Like Tweetbot, Clear for Mac is a good indication of what the future of mainstream OS X software will look like: consistent with iOS, and powered by iCloud.
I was given a preview of Clear for Mac last week; the app is launching today on the Mac App Store at $6.99 (depending on your time zone, Clear will be available after midnight). In my preview, I wrote:
Clear for Mac works like Clear for iPhone: you can create lists, and tasks inside lists. Tasks are color-coded (according to the theme you’re using) to show a darker tone if they’re at the top of a list, and thus have higher priority. Gestures play an important role in Clear for Mac: you can swipe with two fingers to complete or delete a task, swipe up or down to move between “levels” of the interface, pinch to go back, and so forth. From what you can see in the first promo video (embedded below), almost everything that made Clear for iPhone simple and great has been ported to the Mac version, including sounds.
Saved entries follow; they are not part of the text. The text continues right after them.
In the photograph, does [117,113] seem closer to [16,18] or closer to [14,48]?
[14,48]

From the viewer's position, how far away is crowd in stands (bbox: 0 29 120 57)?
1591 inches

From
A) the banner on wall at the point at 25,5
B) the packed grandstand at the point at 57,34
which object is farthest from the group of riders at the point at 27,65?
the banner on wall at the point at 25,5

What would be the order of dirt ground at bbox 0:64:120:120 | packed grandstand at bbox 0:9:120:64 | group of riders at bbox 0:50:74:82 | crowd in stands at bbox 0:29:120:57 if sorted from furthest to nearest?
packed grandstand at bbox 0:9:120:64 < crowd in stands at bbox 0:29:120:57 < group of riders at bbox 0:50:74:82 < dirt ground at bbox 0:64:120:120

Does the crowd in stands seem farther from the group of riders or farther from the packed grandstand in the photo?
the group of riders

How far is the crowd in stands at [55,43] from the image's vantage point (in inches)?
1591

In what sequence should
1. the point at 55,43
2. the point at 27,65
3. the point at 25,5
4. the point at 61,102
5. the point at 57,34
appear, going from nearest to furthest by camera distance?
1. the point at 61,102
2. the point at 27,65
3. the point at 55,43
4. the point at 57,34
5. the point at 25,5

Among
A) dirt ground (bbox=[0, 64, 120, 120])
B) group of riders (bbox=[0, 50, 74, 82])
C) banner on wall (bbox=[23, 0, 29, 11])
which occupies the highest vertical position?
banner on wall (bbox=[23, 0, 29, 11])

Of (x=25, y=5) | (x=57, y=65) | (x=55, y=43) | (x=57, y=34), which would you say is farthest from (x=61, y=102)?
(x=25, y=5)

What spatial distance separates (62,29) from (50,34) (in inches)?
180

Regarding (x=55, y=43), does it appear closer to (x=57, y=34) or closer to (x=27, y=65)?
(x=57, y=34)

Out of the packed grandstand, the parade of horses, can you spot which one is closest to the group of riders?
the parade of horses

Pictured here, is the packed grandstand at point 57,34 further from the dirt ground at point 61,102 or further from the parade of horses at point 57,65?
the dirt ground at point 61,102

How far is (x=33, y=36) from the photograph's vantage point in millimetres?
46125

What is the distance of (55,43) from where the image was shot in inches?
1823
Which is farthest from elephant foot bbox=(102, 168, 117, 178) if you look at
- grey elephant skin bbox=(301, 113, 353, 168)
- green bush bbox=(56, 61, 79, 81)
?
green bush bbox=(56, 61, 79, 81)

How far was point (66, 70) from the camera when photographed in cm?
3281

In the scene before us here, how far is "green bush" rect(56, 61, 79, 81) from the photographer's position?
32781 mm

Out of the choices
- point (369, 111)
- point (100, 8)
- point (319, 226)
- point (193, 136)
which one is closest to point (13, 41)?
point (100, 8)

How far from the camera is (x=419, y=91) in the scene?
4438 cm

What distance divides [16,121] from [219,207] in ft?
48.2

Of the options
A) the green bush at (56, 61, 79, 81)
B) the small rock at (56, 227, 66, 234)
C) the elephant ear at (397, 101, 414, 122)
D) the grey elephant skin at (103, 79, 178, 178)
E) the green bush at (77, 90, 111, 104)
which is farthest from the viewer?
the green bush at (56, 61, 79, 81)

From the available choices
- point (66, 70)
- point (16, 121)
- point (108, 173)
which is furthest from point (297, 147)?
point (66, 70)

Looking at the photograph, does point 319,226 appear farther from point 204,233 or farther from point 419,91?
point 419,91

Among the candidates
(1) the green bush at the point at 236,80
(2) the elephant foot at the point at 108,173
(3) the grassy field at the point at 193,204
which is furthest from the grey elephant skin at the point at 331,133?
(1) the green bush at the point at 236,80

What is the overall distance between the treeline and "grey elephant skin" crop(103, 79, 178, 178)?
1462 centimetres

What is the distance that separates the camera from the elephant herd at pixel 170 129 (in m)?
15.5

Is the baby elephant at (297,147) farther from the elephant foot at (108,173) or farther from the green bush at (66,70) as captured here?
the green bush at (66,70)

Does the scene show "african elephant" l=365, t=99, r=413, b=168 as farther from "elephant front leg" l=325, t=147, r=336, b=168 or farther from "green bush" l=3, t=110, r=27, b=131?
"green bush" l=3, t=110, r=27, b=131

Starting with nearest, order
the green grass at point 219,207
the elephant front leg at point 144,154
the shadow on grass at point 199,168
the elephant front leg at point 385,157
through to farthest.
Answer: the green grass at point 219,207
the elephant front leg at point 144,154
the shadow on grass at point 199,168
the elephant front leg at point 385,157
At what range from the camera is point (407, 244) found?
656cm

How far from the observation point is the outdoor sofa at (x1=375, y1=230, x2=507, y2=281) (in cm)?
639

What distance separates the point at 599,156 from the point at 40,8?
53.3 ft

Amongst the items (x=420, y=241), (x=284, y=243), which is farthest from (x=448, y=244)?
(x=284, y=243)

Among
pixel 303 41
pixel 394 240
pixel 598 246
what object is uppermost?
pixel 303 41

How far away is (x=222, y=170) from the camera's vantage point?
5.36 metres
After trying Clear for over a week, I feel like there’s a distinction to be made about how the app works per se, and how the app works on a Mac.
As part of the Clear experience, the desktop app is remarkably similar to its iOS counterpart (also updated today). Clear is a todo app organized in “levels of interface”: the main screen contains all your lists, but you can drill down to view individual tasks inside a list. You can also “go up” to the previous level all the way back to a first screen (the “Menu”) that gives you access to the Preferences, Themes, and other sections not related to the list-making workflow. Clear’s navigation and interaction is entirely gesture-based: you go back one level by pinching out with two fingers or swiping down; you can complete tasks by swiping over them with two fingers to the right, or you can delete them if you swipe in the opposite direction. With iCloud sync, Clear will make sure your tasks and lists are synced across devices.
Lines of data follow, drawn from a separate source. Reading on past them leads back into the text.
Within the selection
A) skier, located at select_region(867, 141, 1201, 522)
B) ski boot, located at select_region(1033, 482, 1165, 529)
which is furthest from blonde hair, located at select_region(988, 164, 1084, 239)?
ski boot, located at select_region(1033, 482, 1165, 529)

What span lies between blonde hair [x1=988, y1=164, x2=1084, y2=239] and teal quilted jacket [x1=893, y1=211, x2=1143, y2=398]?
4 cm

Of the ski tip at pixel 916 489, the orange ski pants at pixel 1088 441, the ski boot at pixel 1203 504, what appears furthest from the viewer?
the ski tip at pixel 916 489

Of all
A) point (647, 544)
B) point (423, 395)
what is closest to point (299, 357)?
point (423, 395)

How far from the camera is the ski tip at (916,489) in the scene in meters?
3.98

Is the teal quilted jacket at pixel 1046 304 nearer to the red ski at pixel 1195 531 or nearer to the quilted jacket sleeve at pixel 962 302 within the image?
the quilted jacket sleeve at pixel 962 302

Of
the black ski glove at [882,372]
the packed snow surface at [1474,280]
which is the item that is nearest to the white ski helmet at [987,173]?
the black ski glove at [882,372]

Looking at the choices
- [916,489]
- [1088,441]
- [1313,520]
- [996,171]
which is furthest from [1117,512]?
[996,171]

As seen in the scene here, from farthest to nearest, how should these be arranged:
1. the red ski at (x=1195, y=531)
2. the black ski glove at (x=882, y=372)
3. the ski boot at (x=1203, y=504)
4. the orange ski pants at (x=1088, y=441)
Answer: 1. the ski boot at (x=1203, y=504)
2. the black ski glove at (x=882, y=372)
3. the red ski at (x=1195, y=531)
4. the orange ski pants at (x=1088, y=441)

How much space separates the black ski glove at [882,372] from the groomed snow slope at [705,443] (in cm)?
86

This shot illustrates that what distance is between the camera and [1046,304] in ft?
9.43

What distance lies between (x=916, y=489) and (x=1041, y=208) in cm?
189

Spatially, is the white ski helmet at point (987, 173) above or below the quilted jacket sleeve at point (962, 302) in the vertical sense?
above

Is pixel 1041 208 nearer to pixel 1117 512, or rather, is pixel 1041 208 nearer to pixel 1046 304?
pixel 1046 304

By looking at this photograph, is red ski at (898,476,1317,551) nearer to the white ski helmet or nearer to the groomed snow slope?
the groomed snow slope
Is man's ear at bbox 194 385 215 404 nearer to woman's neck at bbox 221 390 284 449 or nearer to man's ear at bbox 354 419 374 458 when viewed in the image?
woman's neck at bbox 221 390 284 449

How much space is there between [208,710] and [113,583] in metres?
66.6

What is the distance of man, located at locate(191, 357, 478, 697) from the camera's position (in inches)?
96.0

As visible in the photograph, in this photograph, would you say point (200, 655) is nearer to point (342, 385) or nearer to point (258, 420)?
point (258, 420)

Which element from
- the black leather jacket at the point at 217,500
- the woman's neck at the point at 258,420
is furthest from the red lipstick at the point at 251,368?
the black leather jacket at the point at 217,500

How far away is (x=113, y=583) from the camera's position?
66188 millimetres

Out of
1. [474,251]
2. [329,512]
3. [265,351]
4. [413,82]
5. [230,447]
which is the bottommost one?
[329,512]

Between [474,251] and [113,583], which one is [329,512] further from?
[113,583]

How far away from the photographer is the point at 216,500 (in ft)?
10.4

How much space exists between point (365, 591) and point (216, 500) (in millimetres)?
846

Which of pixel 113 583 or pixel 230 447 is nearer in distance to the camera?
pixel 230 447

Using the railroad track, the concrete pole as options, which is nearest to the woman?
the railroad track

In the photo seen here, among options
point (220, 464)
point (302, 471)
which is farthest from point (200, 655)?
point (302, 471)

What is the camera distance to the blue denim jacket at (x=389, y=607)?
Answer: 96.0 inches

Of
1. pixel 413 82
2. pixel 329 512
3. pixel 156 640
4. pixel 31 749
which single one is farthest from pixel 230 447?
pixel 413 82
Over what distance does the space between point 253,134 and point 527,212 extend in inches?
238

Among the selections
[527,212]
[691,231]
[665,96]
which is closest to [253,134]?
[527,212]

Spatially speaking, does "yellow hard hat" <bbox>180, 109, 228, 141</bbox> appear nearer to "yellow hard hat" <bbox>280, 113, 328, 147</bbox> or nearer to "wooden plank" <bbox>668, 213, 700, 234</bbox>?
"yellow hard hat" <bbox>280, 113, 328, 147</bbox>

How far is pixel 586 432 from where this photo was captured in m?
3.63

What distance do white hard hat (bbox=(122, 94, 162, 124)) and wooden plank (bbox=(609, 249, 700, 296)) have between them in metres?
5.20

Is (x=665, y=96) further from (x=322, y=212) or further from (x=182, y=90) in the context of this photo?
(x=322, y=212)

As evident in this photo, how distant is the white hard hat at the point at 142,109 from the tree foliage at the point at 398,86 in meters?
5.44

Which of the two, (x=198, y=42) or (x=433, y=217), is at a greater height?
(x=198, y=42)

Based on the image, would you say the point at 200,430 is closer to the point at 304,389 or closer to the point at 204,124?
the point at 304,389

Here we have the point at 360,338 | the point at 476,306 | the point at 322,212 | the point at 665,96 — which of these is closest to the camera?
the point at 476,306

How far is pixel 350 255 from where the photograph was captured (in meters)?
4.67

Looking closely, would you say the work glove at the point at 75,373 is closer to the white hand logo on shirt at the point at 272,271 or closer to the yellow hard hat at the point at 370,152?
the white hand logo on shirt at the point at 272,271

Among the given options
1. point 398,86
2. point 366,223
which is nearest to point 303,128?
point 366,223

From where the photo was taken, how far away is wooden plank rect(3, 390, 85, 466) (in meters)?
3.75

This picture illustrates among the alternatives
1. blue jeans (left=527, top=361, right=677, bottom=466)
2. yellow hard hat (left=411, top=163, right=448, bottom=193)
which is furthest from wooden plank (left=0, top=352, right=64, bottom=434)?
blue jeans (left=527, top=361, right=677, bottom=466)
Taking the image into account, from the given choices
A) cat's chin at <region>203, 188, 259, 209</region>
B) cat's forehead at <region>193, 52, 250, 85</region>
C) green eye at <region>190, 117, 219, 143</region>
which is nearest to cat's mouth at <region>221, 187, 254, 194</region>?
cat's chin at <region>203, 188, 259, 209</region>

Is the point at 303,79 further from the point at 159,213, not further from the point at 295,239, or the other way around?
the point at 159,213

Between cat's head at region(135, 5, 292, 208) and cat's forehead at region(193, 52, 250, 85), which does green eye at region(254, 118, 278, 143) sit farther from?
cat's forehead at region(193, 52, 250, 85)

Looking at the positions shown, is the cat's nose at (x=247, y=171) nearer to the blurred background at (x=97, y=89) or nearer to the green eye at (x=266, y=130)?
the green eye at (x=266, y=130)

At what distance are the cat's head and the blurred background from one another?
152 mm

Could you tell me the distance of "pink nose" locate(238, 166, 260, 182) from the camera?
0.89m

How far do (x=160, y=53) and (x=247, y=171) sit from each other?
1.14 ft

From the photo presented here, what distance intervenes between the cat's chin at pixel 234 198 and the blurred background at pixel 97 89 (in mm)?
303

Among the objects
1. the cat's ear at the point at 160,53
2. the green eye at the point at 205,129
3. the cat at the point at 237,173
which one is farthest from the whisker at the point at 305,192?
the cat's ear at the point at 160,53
Many “lightweight todo managers” have come and gone, but Clear has always been uniquely posited to offer a completely different take on the subject. And I believe it’s the very lack of any form of management that has made Clear so easy to pick up for several users.
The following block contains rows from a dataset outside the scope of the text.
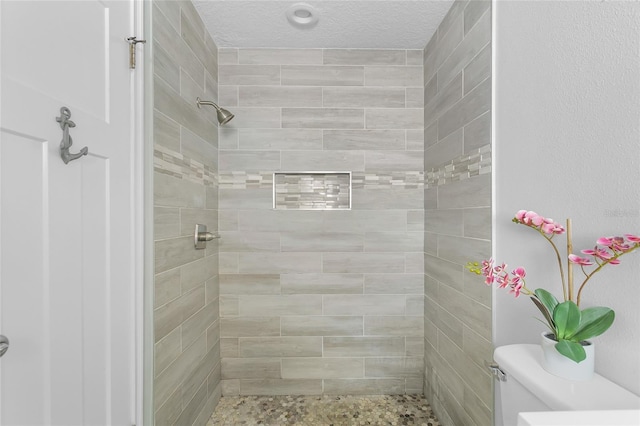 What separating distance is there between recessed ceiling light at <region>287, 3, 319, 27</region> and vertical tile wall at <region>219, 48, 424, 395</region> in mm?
292

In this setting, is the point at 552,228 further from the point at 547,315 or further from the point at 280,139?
the point at 280,139

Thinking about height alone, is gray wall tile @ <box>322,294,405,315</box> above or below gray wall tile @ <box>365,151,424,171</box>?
below

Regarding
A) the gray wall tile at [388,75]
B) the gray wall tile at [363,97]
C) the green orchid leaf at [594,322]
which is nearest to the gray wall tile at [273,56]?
the gray wall tile at [363,97]

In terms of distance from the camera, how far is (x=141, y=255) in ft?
3.99

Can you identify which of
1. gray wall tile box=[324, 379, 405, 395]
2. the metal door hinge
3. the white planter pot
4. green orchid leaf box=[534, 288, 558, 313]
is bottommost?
gray wall tile box=[324, 379, 405, 395]

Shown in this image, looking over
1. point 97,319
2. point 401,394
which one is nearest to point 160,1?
point 97,319

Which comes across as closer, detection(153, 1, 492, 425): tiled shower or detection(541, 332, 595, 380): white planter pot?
detection(541, 332, 595, 380): white planter pot

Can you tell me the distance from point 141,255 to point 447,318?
154 centimetres

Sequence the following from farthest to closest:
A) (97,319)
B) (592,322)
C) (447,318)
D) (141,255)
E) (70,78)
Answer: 1. (447,318)
2. (141,255)
3. (97,319)
4. (70,78)
5. (592,322)

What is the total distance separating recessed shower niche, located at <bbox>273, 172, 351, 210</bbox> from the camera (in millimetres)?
2102

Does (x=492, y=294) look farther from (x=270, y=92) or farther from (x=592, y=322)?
(x=270, y=92)

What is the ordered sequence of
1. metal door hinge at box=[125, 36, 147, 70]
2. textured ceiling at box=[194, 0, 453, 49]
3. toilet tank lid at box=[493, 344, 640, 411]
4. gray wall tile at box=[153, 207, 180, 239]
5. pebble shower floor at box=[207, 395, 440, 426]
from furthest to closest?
pebble shower floor at box=[207, 395, 440, 426] < textured ceiling at box=[194, 0, 453, 49] < gray wall tile at box=[153, 207, 180, 239] < metal door hinge at box=[125, 36, 147, 70] < toilet tank lid at box=[493, 344, 640, 411]

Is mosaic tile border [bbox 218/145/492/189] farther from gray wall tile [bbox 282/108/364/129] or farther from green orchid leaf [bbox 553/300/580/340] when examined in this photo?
green orchid leaf [bbox 553/300/580/340]

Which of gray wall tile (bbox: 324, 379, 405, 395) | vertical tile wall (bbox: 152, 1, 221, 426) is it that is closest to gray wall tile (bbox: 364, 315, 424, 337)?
gray wall tile (bbox: 324, 379, 405, 395) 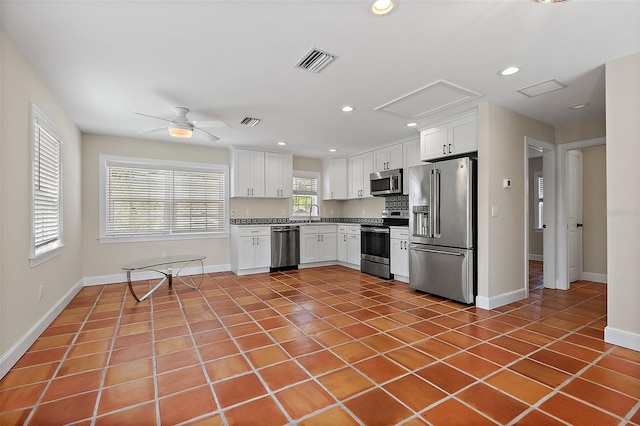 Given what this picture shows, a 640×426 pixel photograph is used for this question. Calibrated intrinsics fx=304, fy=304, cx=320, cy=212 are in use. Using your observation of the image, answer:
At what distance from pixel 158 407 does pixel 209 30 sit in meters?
2.52

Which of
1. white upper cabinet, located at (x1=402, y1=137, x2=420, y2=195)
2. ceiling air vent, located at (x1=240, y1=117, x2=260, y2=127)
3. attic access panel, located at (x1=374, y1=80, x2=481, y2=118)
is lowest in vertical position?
white upper cabinet, located at (x1=402, y1=137, x2=420, y2=195)

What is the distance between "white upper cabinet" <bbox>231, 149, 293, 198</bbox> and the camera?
19.5 ft

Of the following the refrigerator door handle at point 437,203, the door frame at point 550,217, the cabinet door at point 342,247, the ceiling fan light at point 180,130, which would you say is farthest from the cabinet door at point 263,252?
the door frame at point 550,217

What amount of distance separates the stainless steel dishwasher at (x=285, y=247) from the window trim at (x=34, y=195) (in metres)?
3.22

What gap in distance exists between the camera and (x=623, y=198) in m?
2.60

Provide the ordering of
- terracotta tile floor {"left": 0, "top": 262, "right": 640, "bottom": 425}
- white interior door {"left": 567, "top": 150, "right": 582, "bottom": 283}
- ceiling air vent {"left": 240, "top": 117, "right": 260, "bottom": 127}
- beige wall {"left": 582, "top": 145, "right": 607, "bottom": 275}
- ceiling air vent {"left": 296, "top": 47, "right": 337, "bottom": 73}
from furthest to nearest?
beige wall {"left": 582, "top": 145, "right": 607, "bottom": 275} < white interior door {"left": 567, "top": 150, "right": 582, "bottom": 283} < ceiling air vent {"left": 240, "top": 117, "right": 260, "bottom": 127} < ceiling air vent {"left": 296, "top": 47, "right": 337, "bottom": 73} < terracotta tile floor {"left": 0, "top": 262, "right": 640, "bottom": 425}

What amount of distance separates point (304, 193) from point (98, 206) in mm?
3912

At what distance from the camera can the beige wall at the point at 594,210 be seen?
491cm

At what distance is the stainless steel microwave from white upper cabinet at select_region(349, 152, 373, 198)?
26 cm

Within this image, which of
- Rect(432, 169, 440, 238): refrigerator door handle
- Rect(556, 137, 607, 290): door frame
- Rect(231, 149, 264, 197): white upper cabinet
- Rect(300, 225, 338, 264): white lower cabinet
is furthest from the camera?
Rect(300, 225, 338, 264): white lower cabinet

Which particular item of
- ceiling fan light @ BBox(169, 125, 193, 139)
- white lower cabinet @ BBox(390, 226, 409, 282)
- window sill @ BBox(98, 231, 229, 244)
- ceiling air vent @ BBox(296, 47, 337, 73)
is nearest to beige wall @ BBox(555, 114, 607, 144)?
white lower cabinet @ BBox(390, 226, 409, 282)

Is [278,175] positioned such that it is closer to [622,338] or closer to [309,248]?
[309,248]

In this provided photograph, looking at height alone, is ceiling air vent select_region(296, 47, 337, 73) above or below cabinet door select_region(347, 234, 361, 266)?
above

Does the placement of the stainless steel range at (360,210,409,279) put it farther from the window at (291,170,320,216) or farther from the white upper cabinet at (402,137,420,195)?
the window at (291,170,320,216) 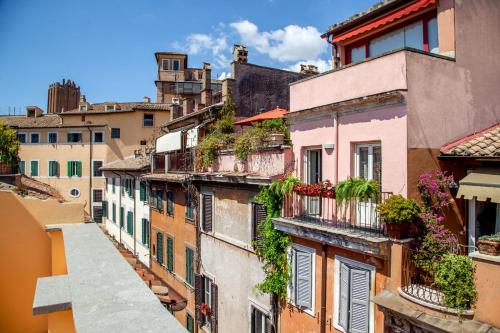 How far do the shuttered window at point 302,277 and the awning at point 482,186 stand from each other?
3.89 meters

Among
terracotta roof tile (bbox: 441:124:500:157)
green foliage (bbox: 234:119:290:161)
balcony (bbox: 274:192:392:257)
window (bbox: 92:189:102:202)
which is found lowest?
window (bbox: 92:189:102:202)

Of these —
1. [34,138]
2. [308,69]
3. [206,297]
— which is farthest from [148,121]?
[206,297]

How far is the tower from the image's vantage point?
70.2 meters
Clear is fun. Managing the things you have to do shouldn’t be a chore – something you feel forced to do – and yet that’s exactly what many todo apps have become nowadays. Instead of providing a powerful system that gets out of the way, apps that aim at letting you organize your todos generally share a learning curve that may be steep or gentle depending on the amount of “features” you need.
Personally, I use OmniFocus because it lets me automate my workflow and, yes, because I do need some of the functionalities it comes with, but I won’t deny I’ve found myself wishing for something more like Clear: user-friendly and “human”, rather than occasionally intimidating and purposefully “digital”.
Make no mistake, everything about Clear is “digital”. What I’m trying to say here – and I don’t want to steal Samsung’s game – Clear feels like an app “made for humans”, for any kind of user.
Clear employs a series of different techniques to make todos feel familiar and natural. Mostly, it’s about subtle details that, cohesively, take a normally boring action – write the things you have to do – and use it as a starting point for something new and fresh. Cody already wrote about these aspects in our original review of Clear, and I don’t feel like repeating them here.
The essence of Clear didn’t get lost in its transition to the Mac platform. Not only is it completely intact, it has been cleverly tweaked to work properly for a different OS and hardware.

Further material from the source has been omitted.